# URGENT: TX Rescue shutting down: 198 dogs need immediate placement!



## nikelodeon79 (Feb 3, 2009)

Permission to crosspost!



Hello all, 

Please pass this information to everyone you can to help move these dogs into other rescues or permanent homes. They have predominantly German Shepherds but there is also a Great Pyrenees, Akita's, Rotties, and some other breeds and a few mixes as well. 

I spoke to Neisha and she said the best way to communicate is via email contact, see below. They also need transport volunteers. Dogs that are not adopted or moved will have to be relinquished to other kill shelters or euthanized.

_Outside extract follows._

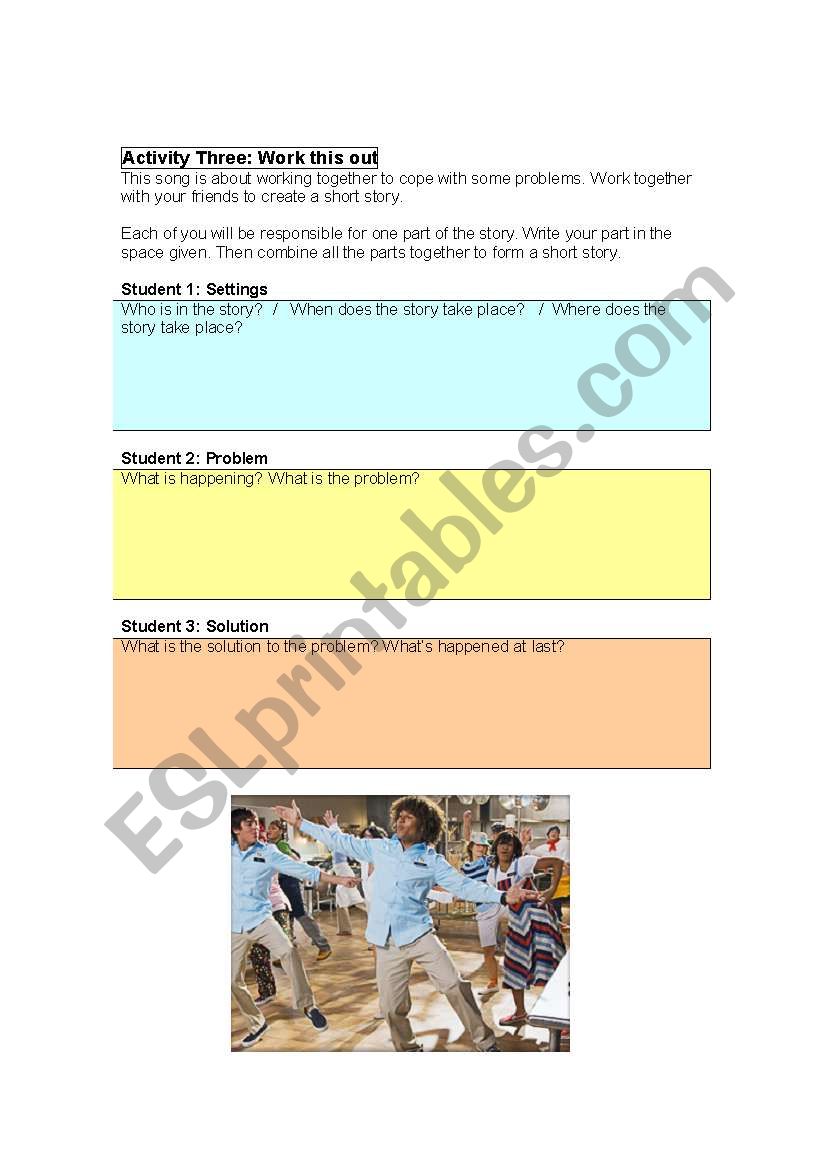 Work It Out story worksheet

I am trying to convince my hubby that we need one of the 13 yr olds as everyone knows they will not be considered by most people. 

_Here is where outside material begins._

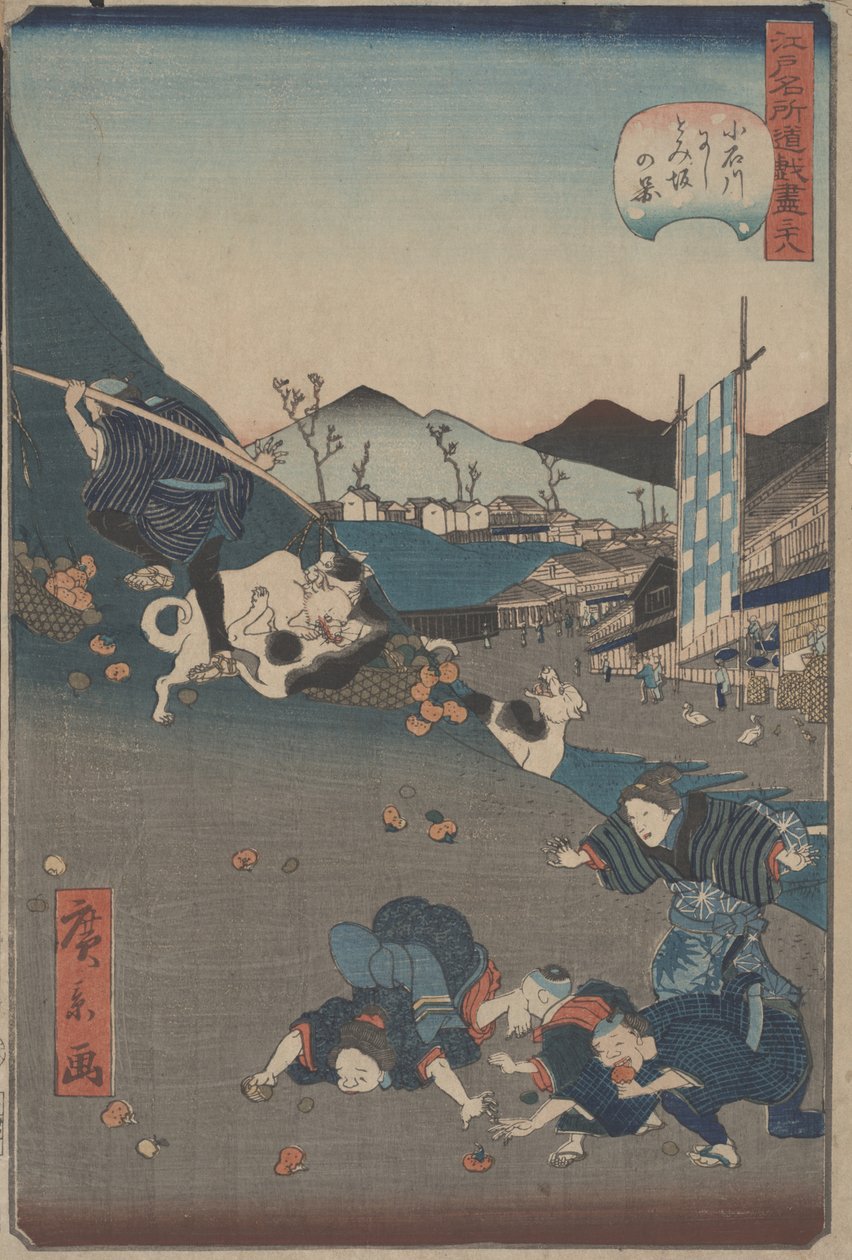 西和伊坂成员小石川的视图，c。 1860年 作者 歌川广景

The dogs have until Oct 30. 



***************************************************************************************************** 

Camp Wolfgang near Dallas (Ennis, TX) is closing. Last day in service will be 10/30/2009. They have 198 GSD's there as of this morning, down from >400 earlier this year. They are closing due to decreased funding. It costs over $15,000 per month to keep the rescue open with the number of dogs and type of care they provided. 

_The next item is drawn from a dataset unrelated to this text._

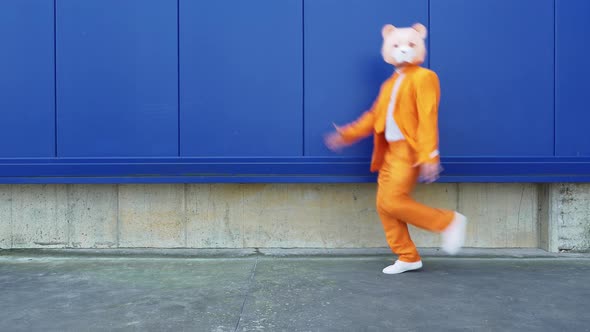Man with bear mask running and jumping in front of blue wall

The closing is a decision that was difficult, but it is made. So they MUST move the dogs out. They will have NO choices with any dogs that remain when the date comes. 

If you want to send a donation to assit with transport costs that would be much appreciated. Please go to their site at http://www.campwolfgang.org/ to donate. 

Time is of the essence. 

If you know anyone who can adopt, accept a dog into their rescue, or help in any way, contact Neisha Livengood, kennel master at Camp Wolfgang. 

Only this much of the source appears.